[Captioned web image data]
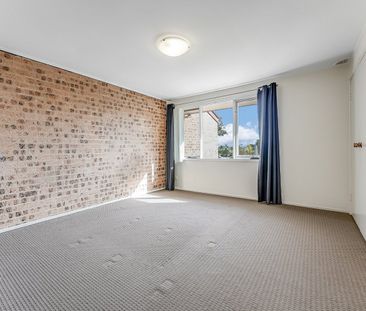 2-Bedroom Villa with Lock-Up Garage in Quiet Cul-De-Sac - Photo 5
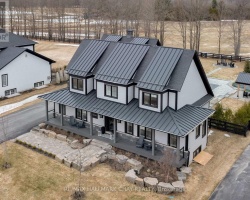 Property for Sale on 10 Georgian Grande Drive, Oro-Medonte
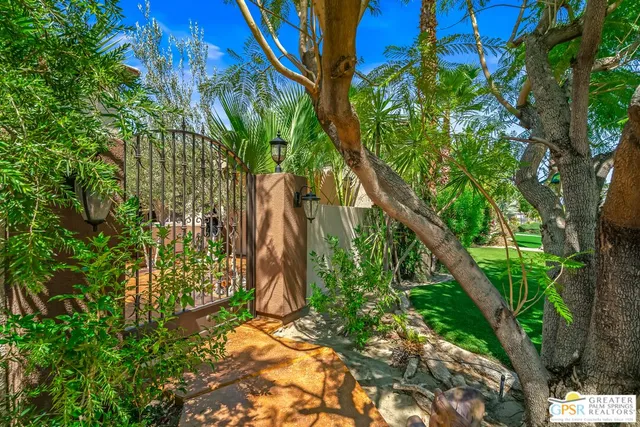 $1,659,000 | 18 Calais Circle, Rancho Mirage, CA 92270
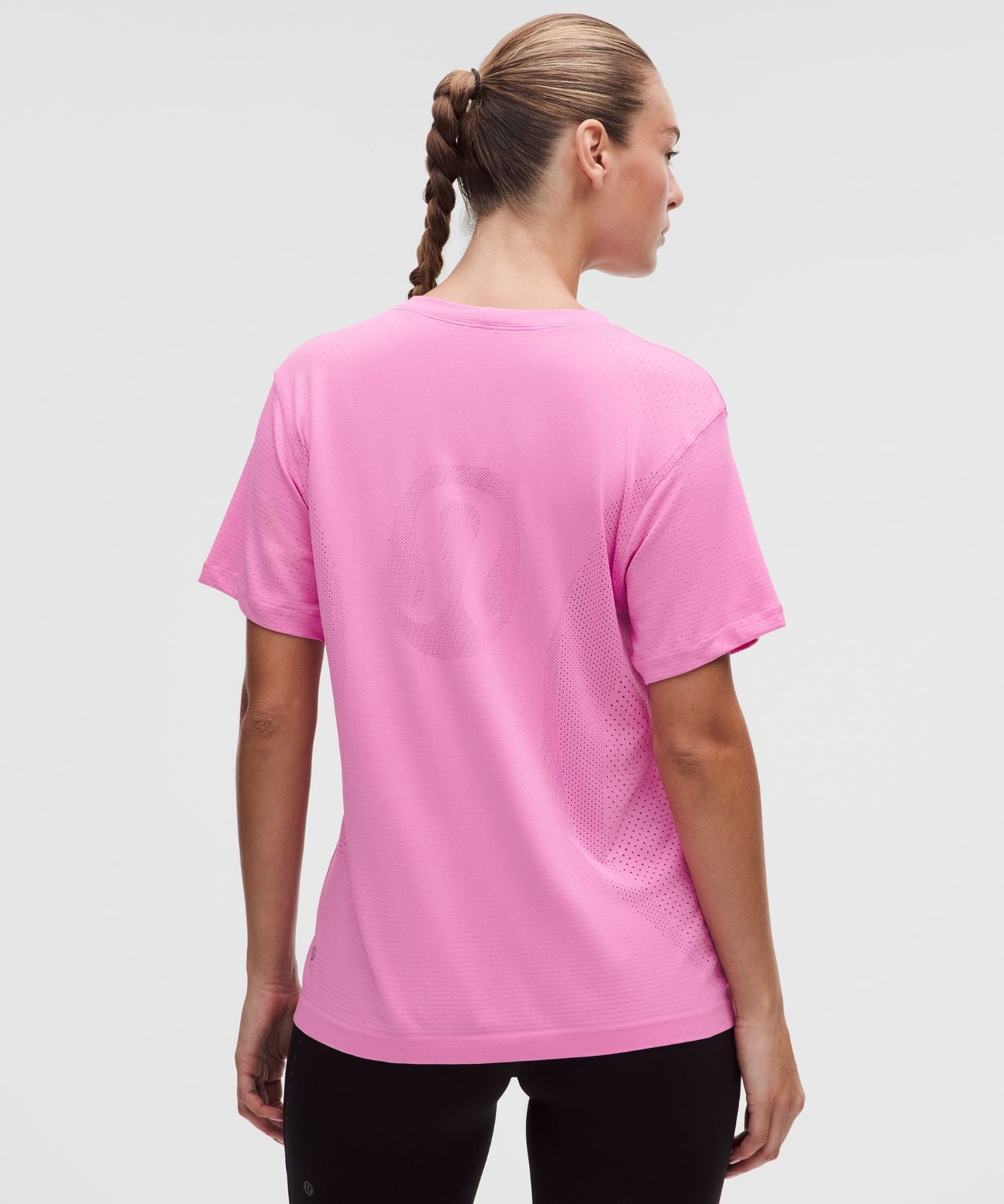 Swiftly Relaxed Short-Sleeve Shirt Hip Length *Logo Sweet Sorbet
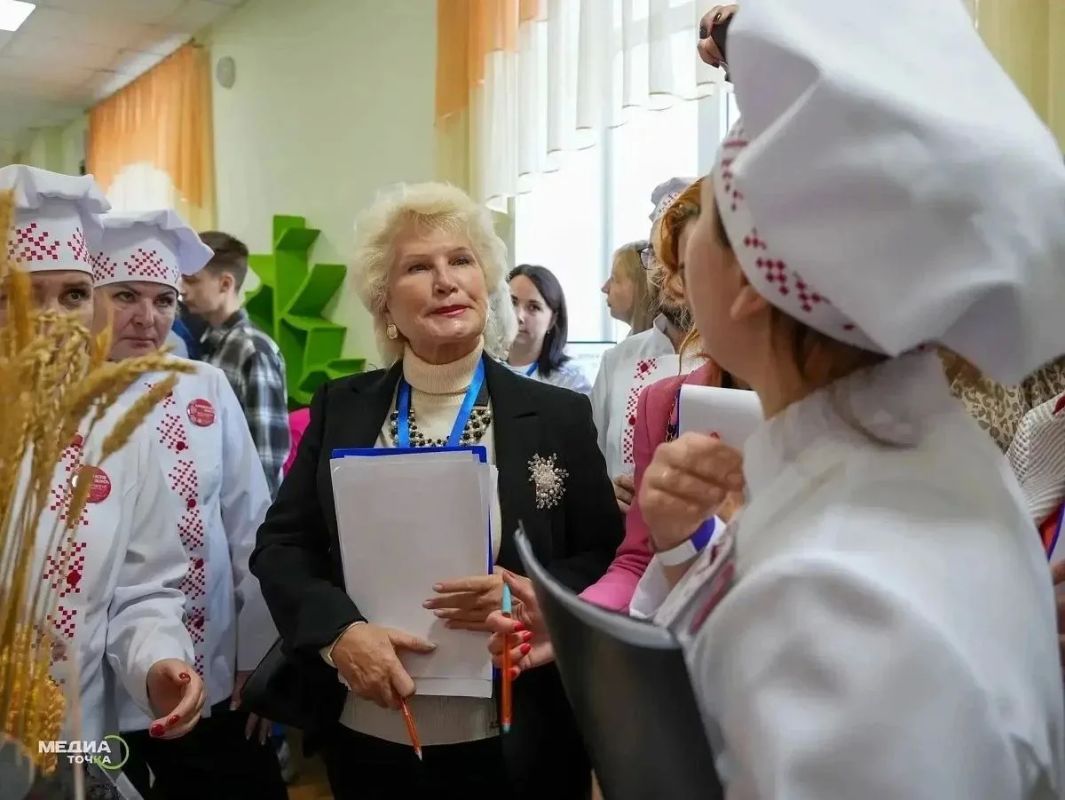 Сочинец Георгий Ковылов признан лучшим поваром школьной столовой Сочинец Георгий Ковылов признан лучшим поваром школьной столовой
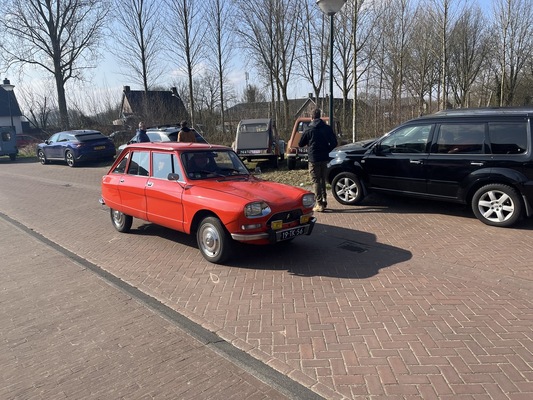 Citroën A-Markt in Liempde NL, 15. März 2025 – Citroën Ami 8 (1970) – Pallas-Raddeckel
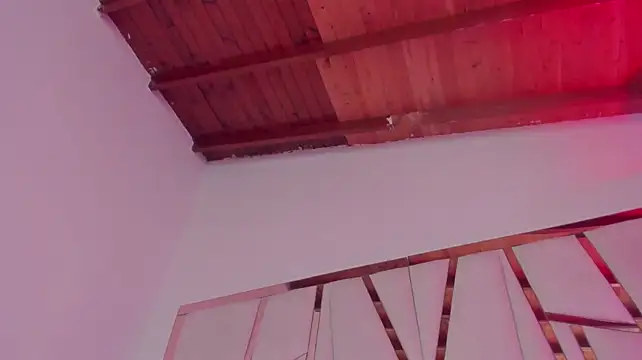 Swt_skinny_ - finger in pussy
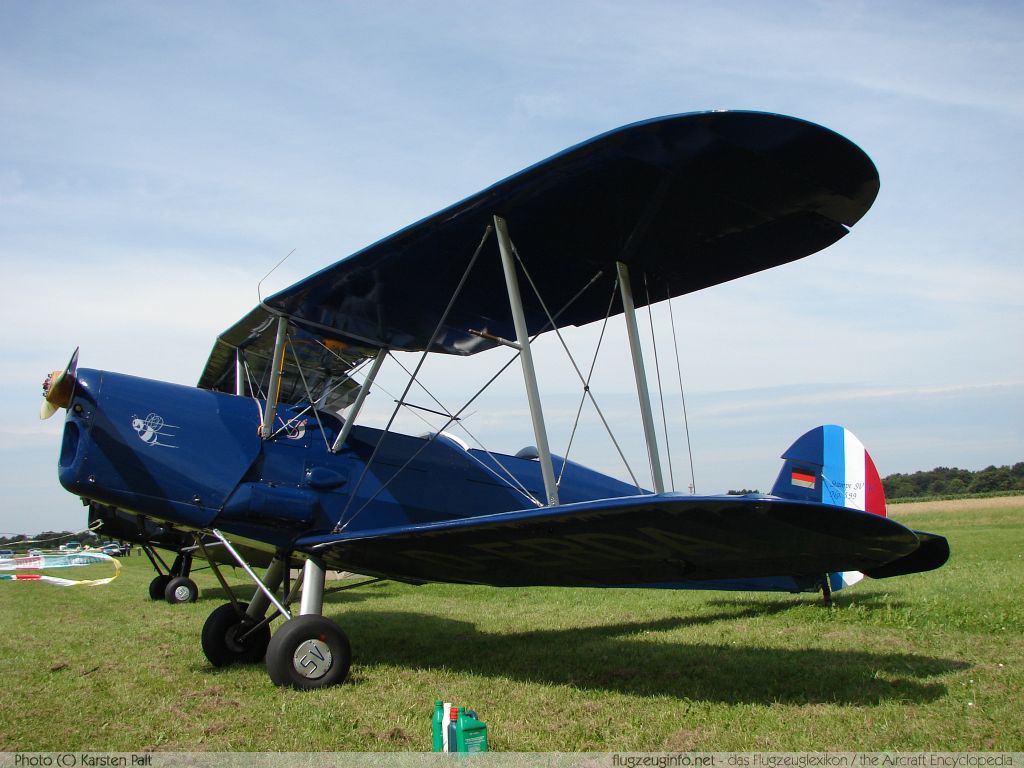 Stampe-Vertongen SV-4C Stampe-Formation D-ERDA 599 Flugtag Nordholz 2007 Nordholz-Spieka (EDXN) 2007-07-14 � Karsten Palt, ID 405 Stampe-Vertongen SV-4C Stampe-Formation D-ERDA 599 Flugtag Nordholz 2007 Nordholz-Spieka (EDXN) 2007-07-14 � Karsten Palt, ID 405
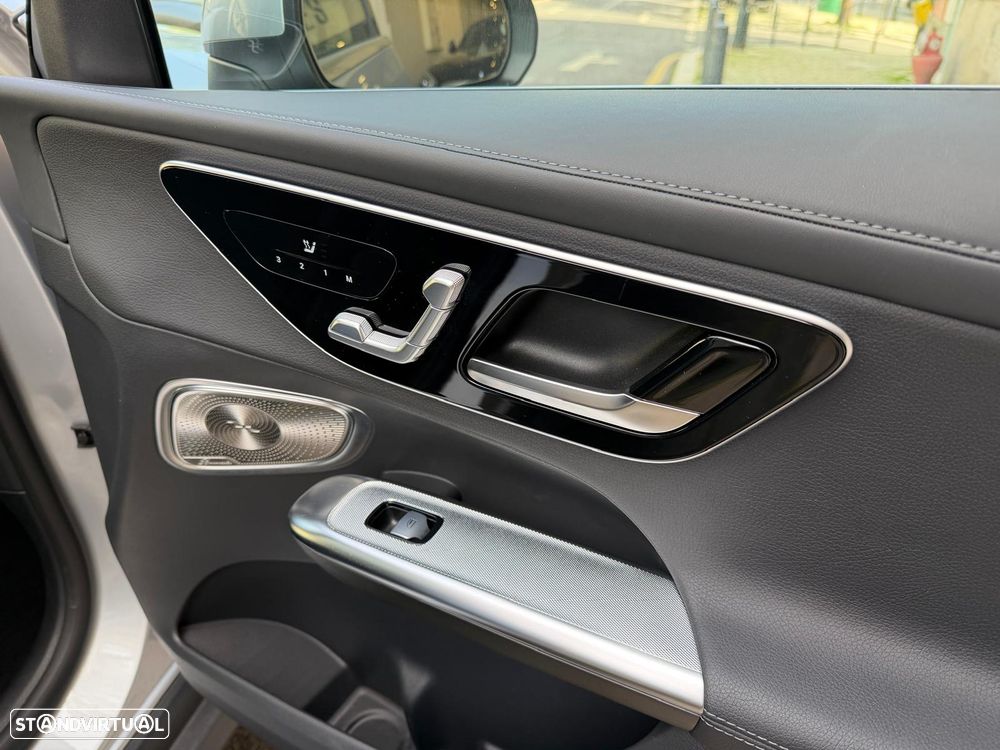 Mercedes-Benz GLC 300 e 4Matic 9G-TRONIC Avantgarde Advanced - 31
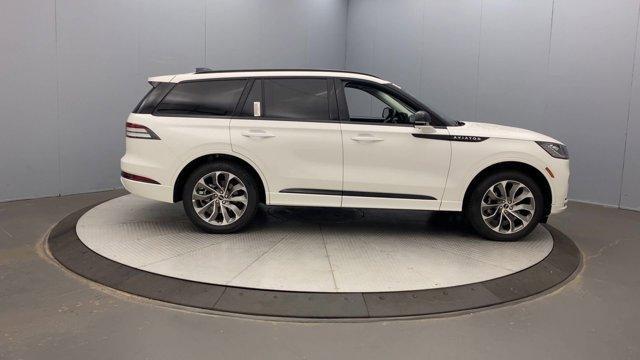 new 2025 Lincoln Aviator car, priced at $71,440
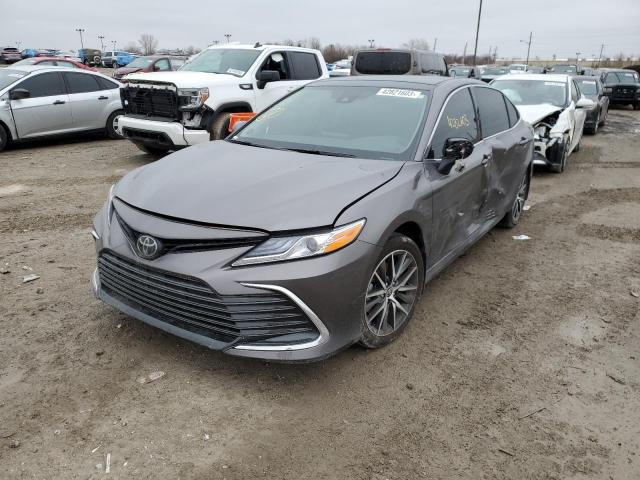 4T1F11BK1PU082184 - 2023 TOYOTA CAMRY XLE GRAY photo 1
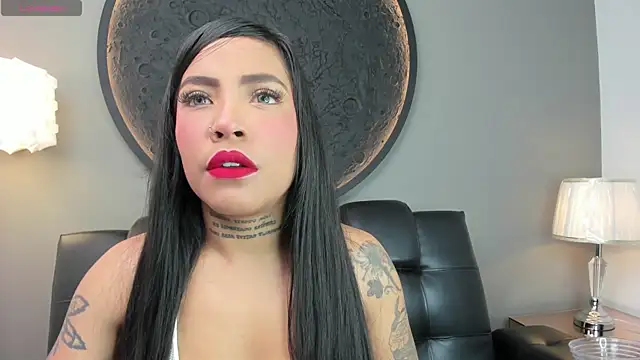 Snapshot of miss_vaiolette chatting on 7, 2, 2025 miss vaiolette online show from 7, 2, 2025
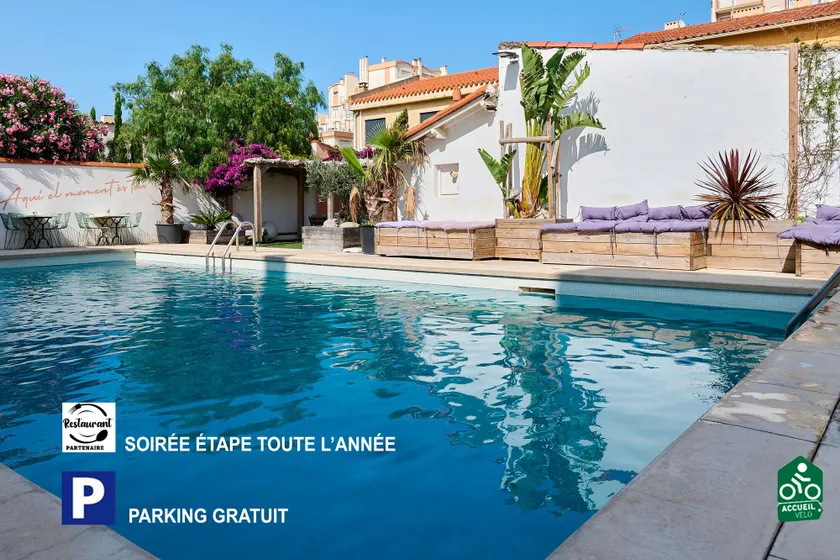 Hôtel Les Sables - Urban Style - by Logis Hotels - Image 1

### PROMPT
Print every record exactly without the images.

### RESPONSE
 2-Bedroom Villa with Lock-Up Garage in Quiet Cul-De-Sac - Photo 5
 Property for Sale on 10 Georgian Grande Drive, Oro-Medonte
 $1,659,000 | 18 Calais Circle, Rancho Mirage, CA 92270
 Swiftly Relaxed Short-Sleeve Shirt Hip Length *Logo Sweet Sorbet
 Сочинец Георгий Ковылов признан лучшим поваром школьной столовой Сочинец Георгий Ковылов признан лучшим поваром школьной столовой
 Citroën A-Markt in Liempde NL, 15. März 2025 – Citroën Ami 8 (1970) – Pallas-Raddeckel
 Swt_skinny_ - finger in pussy
 Stampe-Vertongen SV-4C Stampe-Formation D-ERDA 599 Flugtag Nordholz 2007 Nordholz-Spieka (EDXN) 2007-07-14 � Karsten Palt, ID 405 Stampe-Vertongen SV-4C Stampe-Formation D-ERDA 599 Flugtag Nordholz 2007 Nordholz-Spieka (EDXN) 2007-07-14 � Karsten Palt, ID 405
 Mercedes-Benz GLC 300 e 4Matic 9G-TRONIC Avantgarde Advanced - 31
 new 2025 Lincoln Aviator car, priced at $71,440
 4T1F11BK1PU082184 - 2023 TOYOTA CAMRY XLE GRAY photo 1
 Snapshot of miss_vaiolette chatting on 7, 2, 2025 miss vaiolette online show from 7, 2, 2025
 Hôtel Les Sables - Urban Style - by Logis Hotels - Image 1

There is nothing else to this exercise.